- **Task**: Pictures stay out of the copy. Retype exactly the lines below from the one with "Свадебная фотосессия не" through the one with "<!--'start_frame_cache_3JiYAU'--> – фото № 10".

- **Task material**:
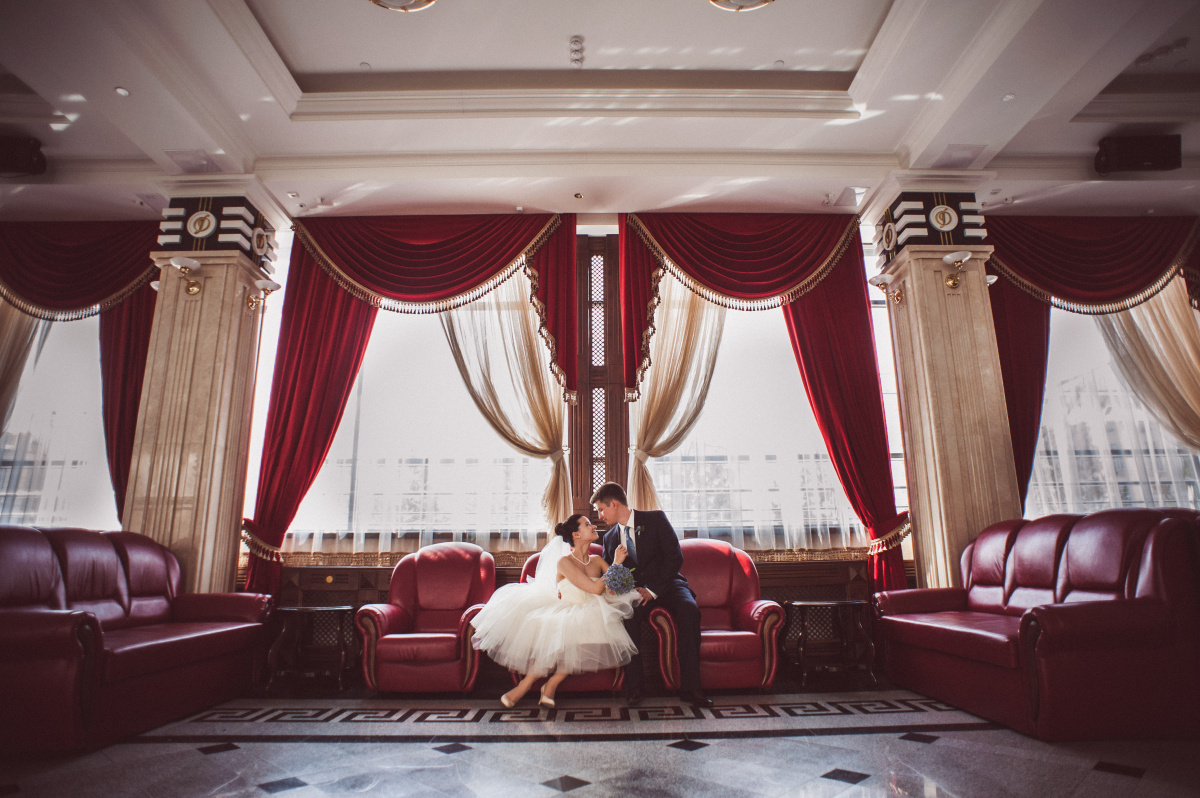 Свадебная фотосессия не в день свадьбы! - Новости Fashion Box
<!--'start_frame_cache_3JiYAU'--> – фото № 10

...

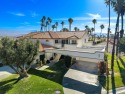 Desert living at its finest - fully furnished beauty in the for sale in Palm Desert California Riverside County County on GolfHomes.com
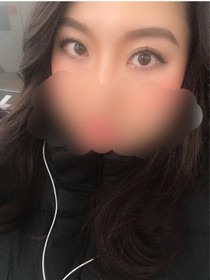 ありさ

- **The completed task**:
 Свадебная фотосессия не в день свадьбы! - Новости Fashion Box
<!--'start_frame_cache_3JiYAU'--> – фото № 10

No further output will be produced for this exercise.